*Task statement*. In the listing below, find the line containing "Cast Iron Grates" and the line containing "Wood Counter Stool". Repeat exactly those two lines and every line between them, nothing more.
(Excerpted records Opens)
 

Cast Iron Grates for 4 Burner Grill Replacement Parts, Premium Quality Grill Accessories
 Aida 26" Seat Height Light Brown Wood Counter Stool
(Excerpted records Closes)
(Excerpted records Opens)
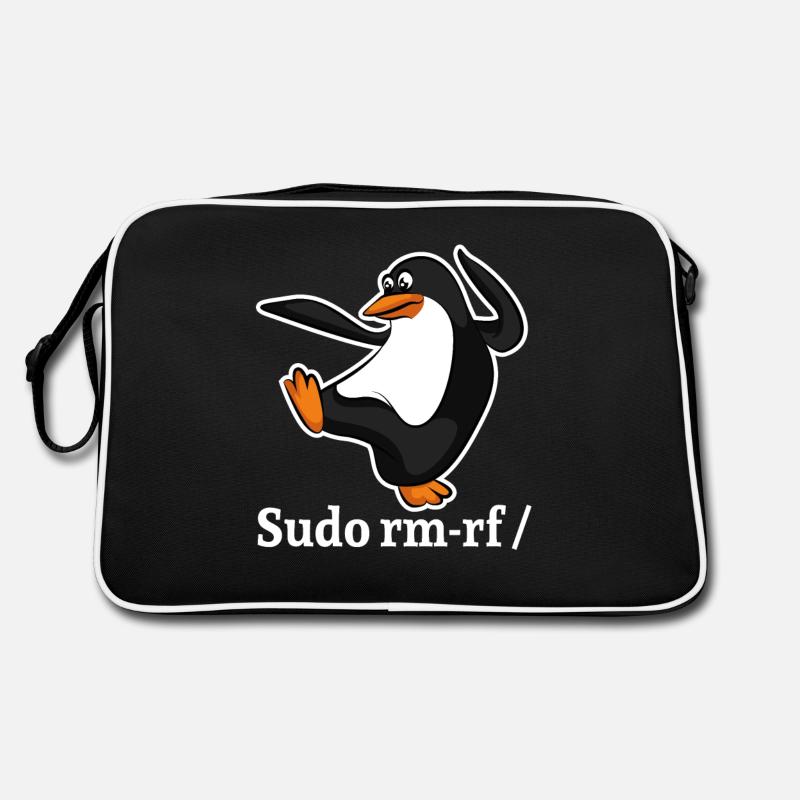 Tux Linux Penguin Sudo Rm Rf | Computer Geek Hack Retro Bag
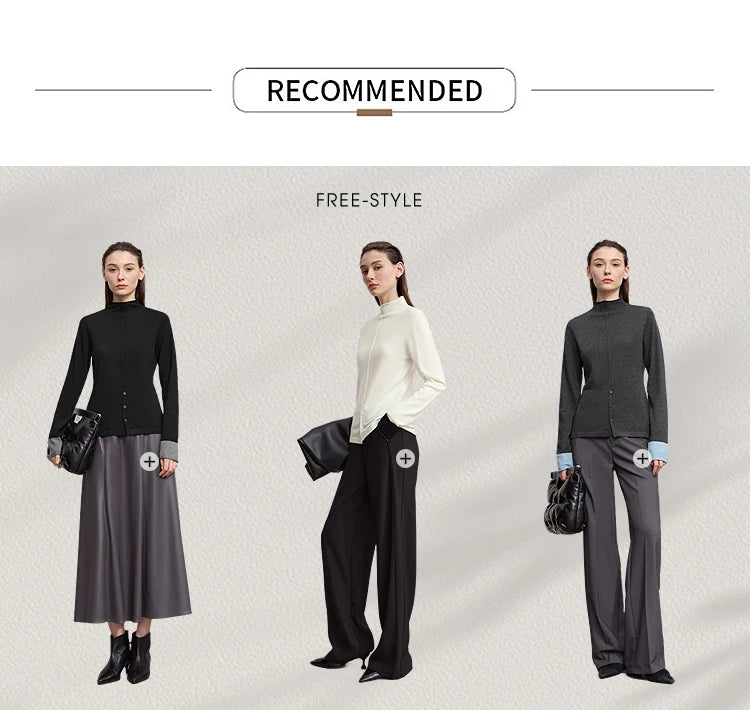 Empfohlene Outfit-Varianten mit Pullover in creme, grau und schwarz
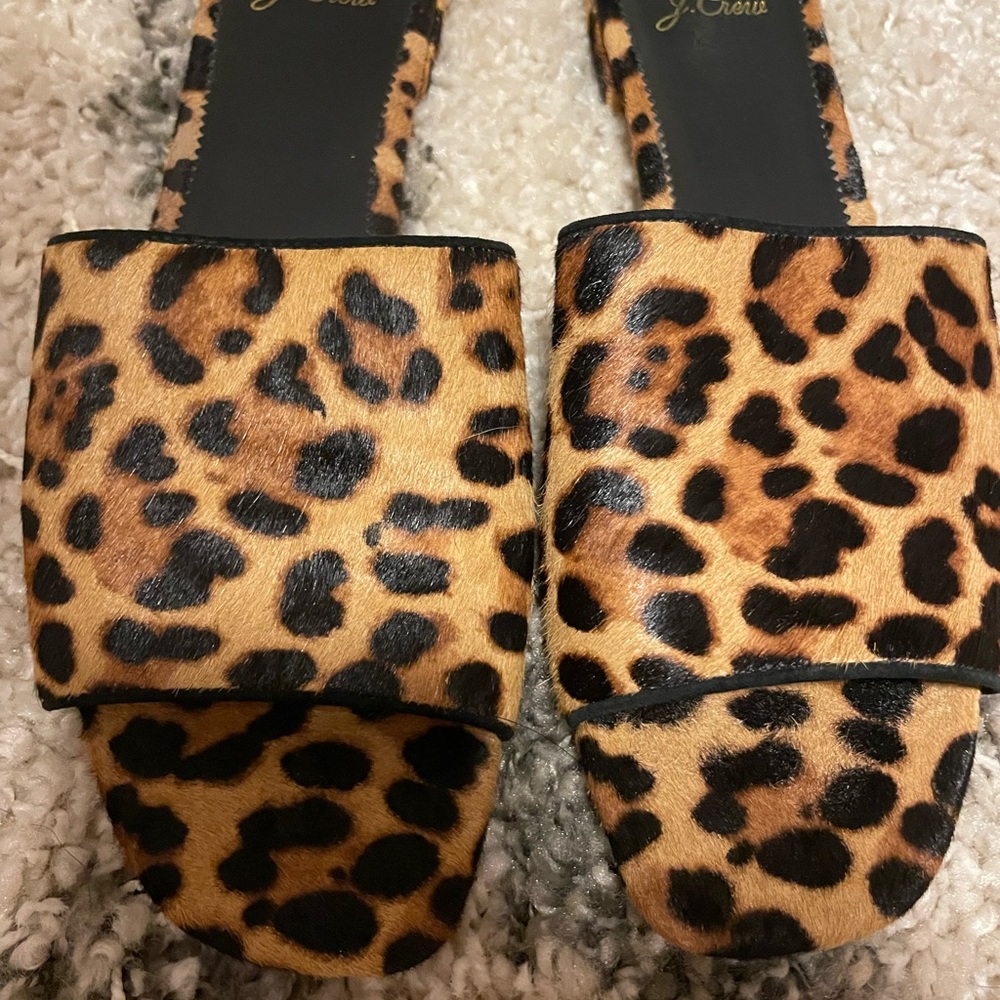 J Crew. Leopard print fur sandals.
(Excerpted records Closes)
(Excerpted records Opens)
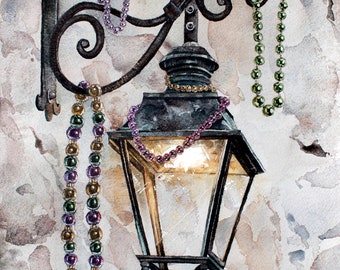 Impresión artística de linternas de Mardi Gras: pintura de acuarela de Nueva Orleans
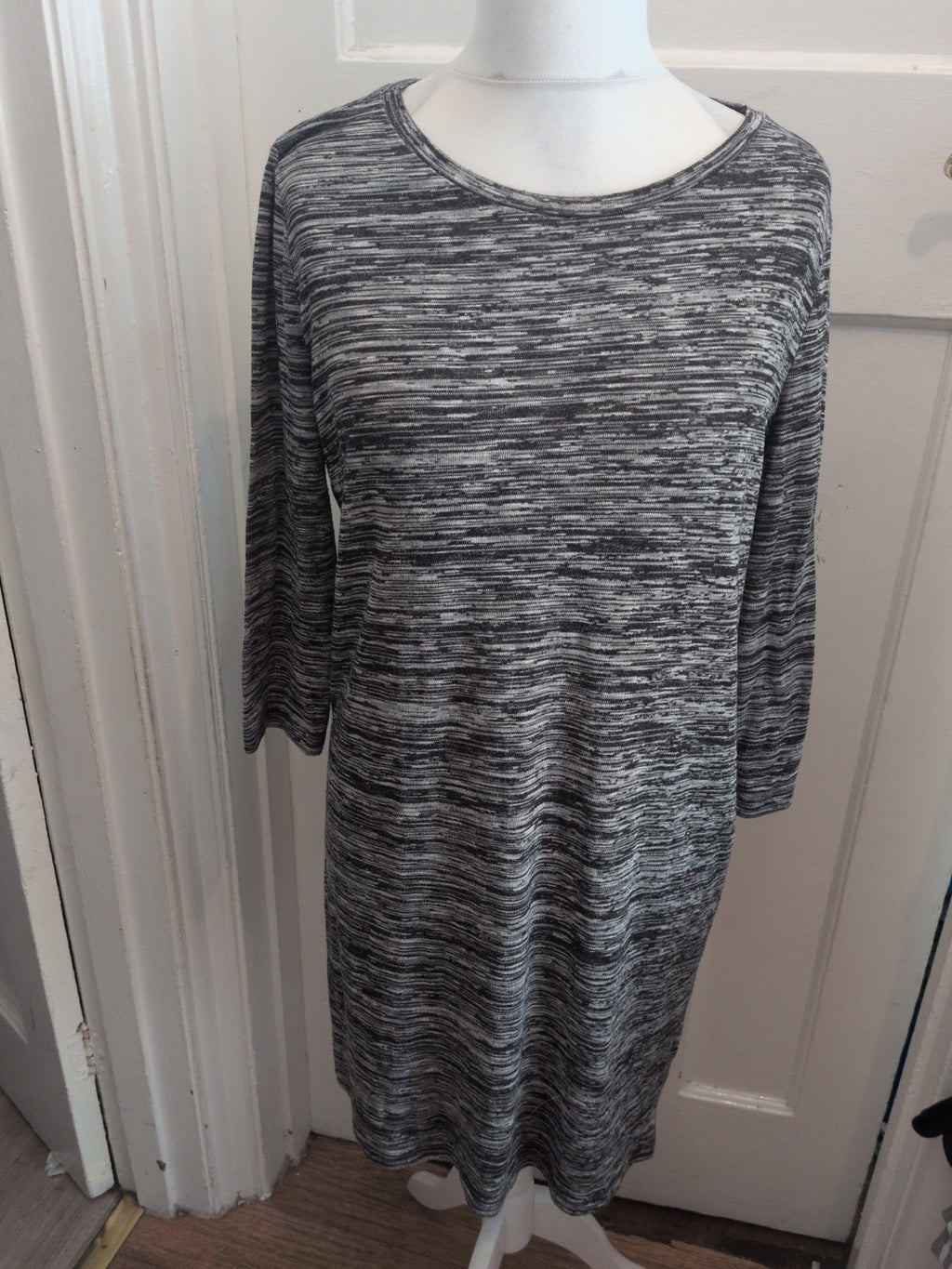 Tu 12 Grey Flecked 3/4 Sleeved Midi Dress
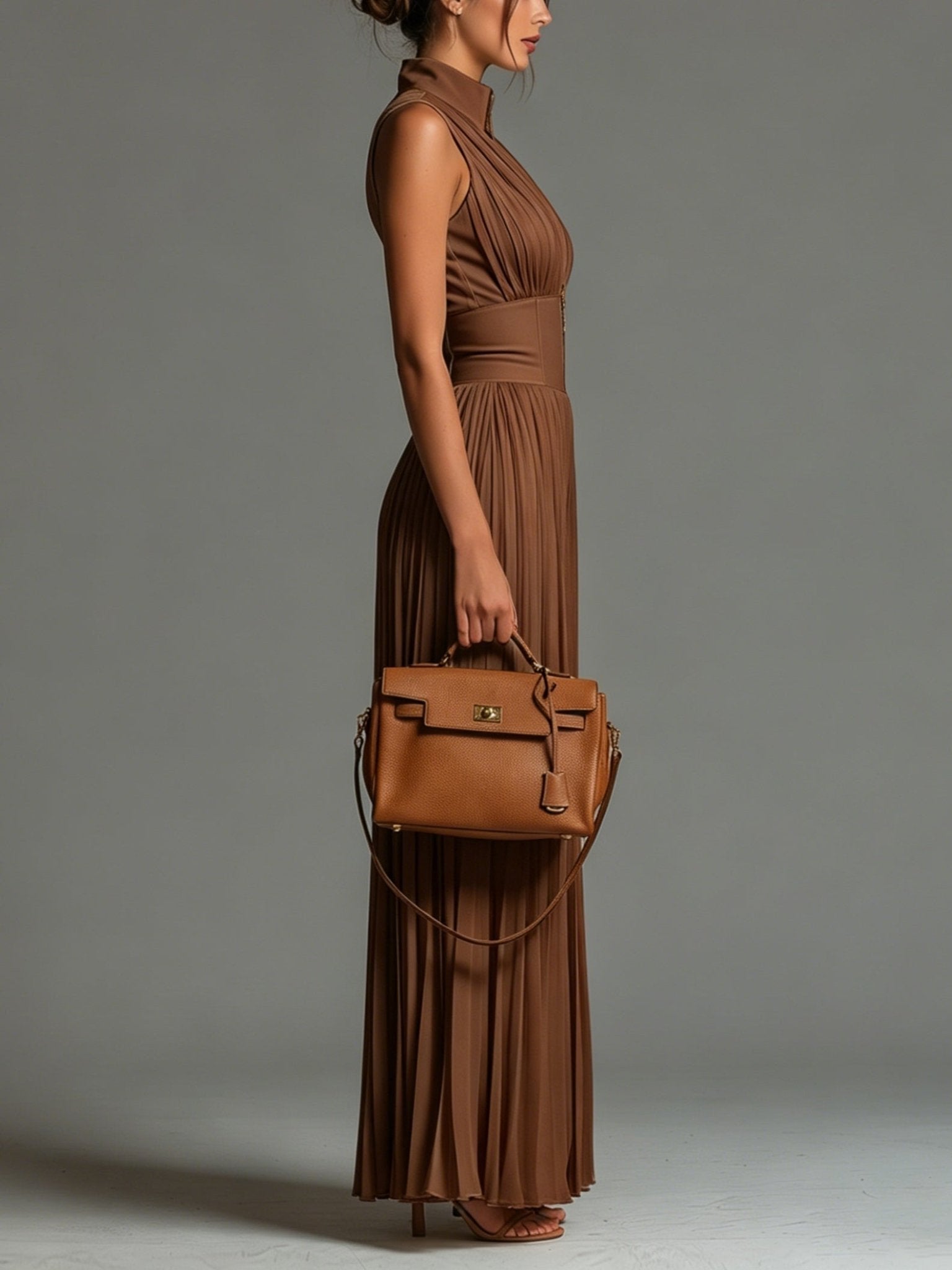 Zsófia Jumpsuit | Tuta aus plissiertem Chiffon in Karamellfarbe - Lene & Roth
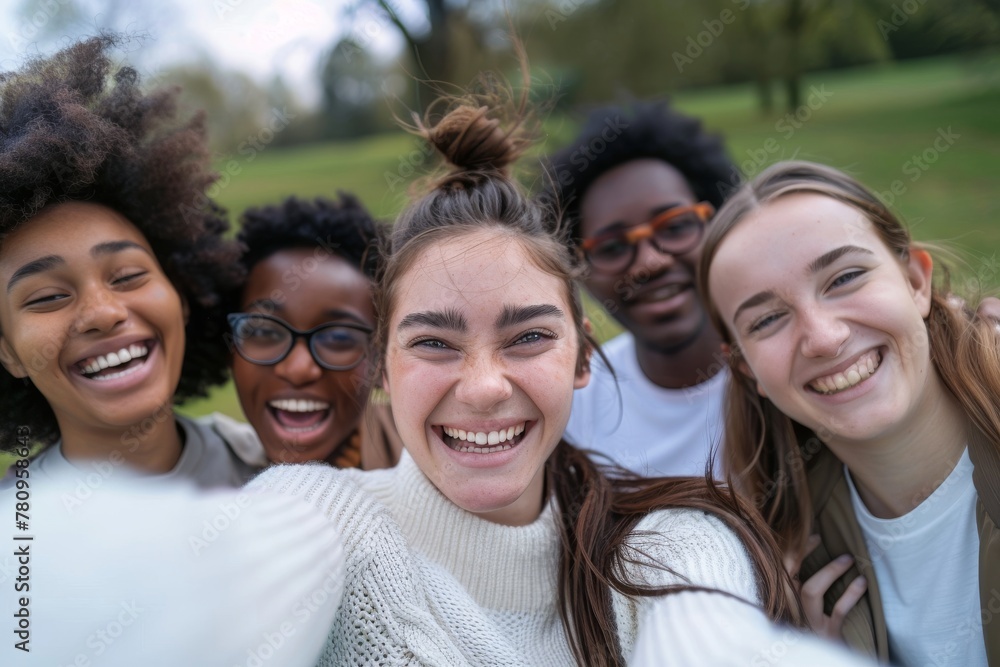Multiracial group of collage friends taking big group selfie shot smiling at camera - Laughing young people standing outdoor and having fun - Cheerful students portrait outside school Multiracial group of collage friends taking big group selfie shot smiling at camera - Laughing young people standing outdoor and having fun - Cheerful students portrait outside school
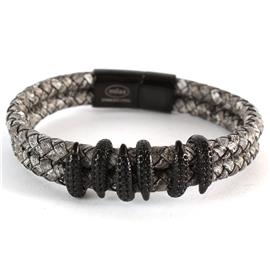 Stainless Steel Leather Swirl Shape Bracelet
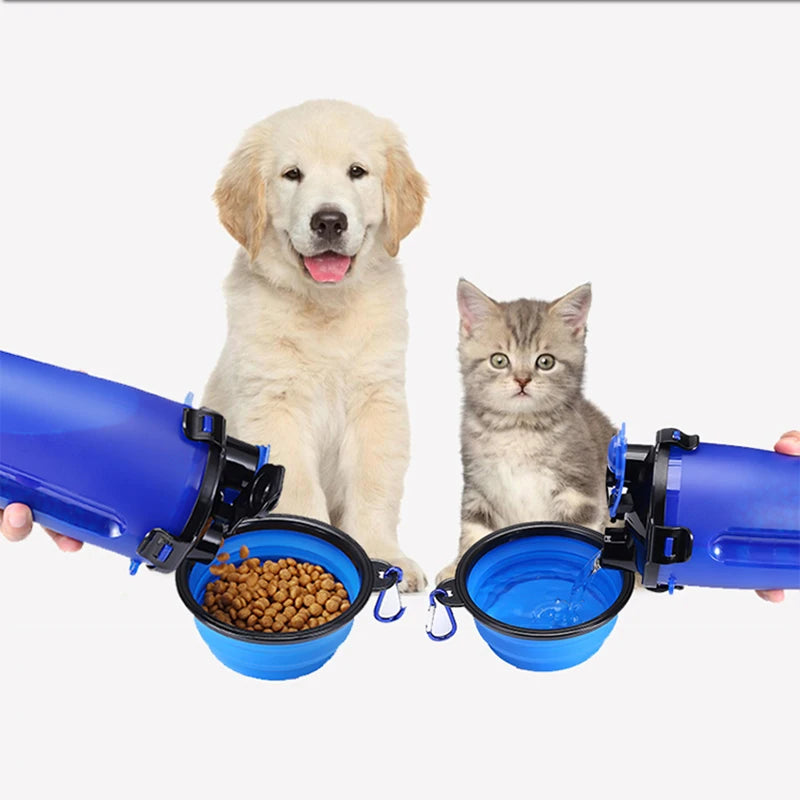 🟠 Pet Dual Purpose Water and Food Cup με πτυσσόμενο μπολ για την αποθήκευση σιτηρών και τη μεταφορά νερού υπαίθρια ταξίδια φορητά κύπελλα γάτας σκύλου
(Excerpted records Closes)
*Solution for this exercise*.
Cast Iron Grates for 4 Burner Grill Replacement Parts, Premium Quality Grill Accessories
 Aida 26" Seat Height Light Brown Wood Counter Stool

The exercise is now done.